C] Une forte tension tragique

Ce passage se situe au dénouement de la pièce : le spectateur comprend qu’une série d’évènements funestes vont se précipités.

Exemples :

- Le crescendo est d’abord souligné par les didascalies (indications scéniques) : « Agité » et « Vif », indiquant que le chant du chœur est de plus en plus intense, que l’on passe de l’inquiétude à la précipitation, de l’attente à l’action.

- De même, les premiers mots du chœur évoque un mouvement progressif, le dieu de la guerre qui s’avance.

- L’importance des phrases exclamatives, surtout dans la seconde moitié du texte.

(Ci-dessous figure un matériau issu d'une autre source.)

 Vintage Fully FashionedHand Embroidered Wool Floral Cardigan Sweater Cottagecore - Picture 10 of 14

- Le champ lexical de l’imminence dans les paroles du chœur : « déjà » (ligne 2) ; « à l’instant même » (ligne 4) ; « plus longtemps » (ligne 7) ; « en suspens » (ligne 7) ; « Le voilà » (ligne 9)… Egalement, l’emploi du présent d’énonciation : « il rentre » (ligne 11), comme si l’action des personnages était doublée par les paroles du chœur (tension).

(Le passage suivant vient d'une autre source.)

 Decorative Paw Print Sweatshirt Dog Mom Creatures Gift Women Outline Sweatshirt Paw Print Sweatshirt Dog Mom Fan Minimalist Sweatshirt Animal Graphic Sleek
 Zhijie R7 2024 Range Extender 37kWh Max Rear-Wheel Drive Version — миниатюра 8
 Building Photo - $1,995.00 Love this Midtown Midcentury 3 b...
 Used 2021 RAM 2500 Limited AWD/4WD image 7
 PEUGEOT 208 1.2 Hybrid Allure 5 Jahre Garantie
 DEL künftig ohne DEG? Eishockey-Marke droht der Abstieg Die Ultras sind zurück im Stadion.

Cette tension dramatique est accentuée par l’impression que tout est accompli d’avance, que tout est joué. En cela, ce passage appartient au registre tragique : c’est le champ lexical du destin, « implacable » (ligne 2) ; « sur la piste » (ligne 5) ; « on n’échappe pas » (lignes 5-6) ; « avoir achevé » (ligne 15) ; « le destin » (ligne 33) ; « infortunée » (ligne 33) ; représailles » (ligne 40)…

Ainsi, l’évocation du destin a une importance dramaturgique dans ce passage : elle accompagne le dénouement. Cependant, elle ne se limite pas à cela : elle accompagne également l’évocation des rapports entre les hommes et les dieux. Nous allons donc analyser la dimension sacrée de ce passage.

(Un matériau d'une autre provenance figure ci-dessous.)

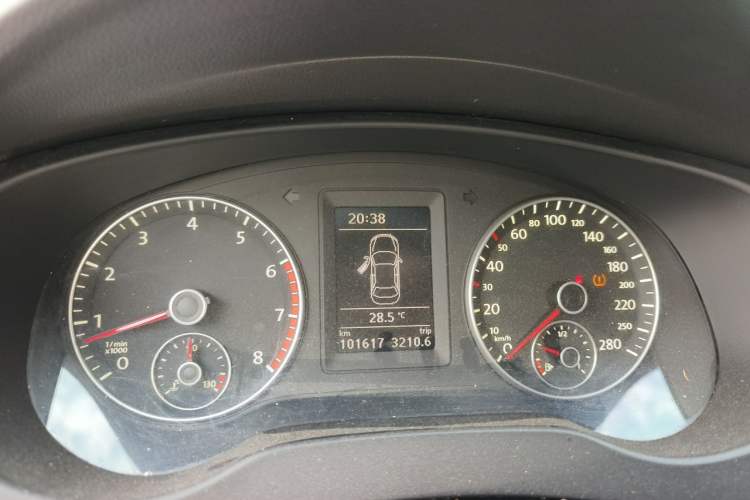 Used Volkswagen Sagitar 2014 1.4TSI Manual Luxury Model Instrument Cluster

II - La dimension sacrée de ce moment tragique

A] Les hommes et les dieux

Le chœur identifie Oreste à trois figures divines :

- (ligne 2), Ares, dieu du carnage et du combat, dieu des larmes, mais aussi dieu de la vengeance. Ici, Oreste est l’instrument de la vengeance divine, il est donc comparé à Ares.

- (ligne 4), « Elles » ; ce pronom désigne ici les Erynies ou Furies, déesses infernales chargées de punir ceux qui transgressent la norme. Elles étaient particulièrement redoutées, au point que les grecs ne les nommaient pas, ou bien de manière antiphrastique : « les Bienveillantes ». C’est pourquoi elles sont désignées ici par le pronom personnel « Elles », et la périphrase « les chiennes à qui l’on n’échappe pas ». On note qu’elles châtiaient spécialement l’homicide contre la famille. Oreste est ici identifié à elles, mais dans la légende, il sera ensuite poursuivi pour avoir accompli un acte qui leur était réservé.

- (ligne 12), « c’est Hermès qui le mène au but », dieu du commerce, dieu des voyageurs, gardien des carrefours et des routes…mais surtout conducteur des âmes aux Enfers et messager des dieux. Ce sont ces deux dernières fonctions qu’actualise Oreste. On note d’autre part qu’Hermès était aussi la perfection de la ruse (mêtis), dont use ici Oreste à travers le stratagème de l’urne. Hermès était enfin aussi le dieu des voleurs : Oreste ne vole t-il pas ici aux Erynies leur mission, ce qui lui vaudra ainsi leur colère ?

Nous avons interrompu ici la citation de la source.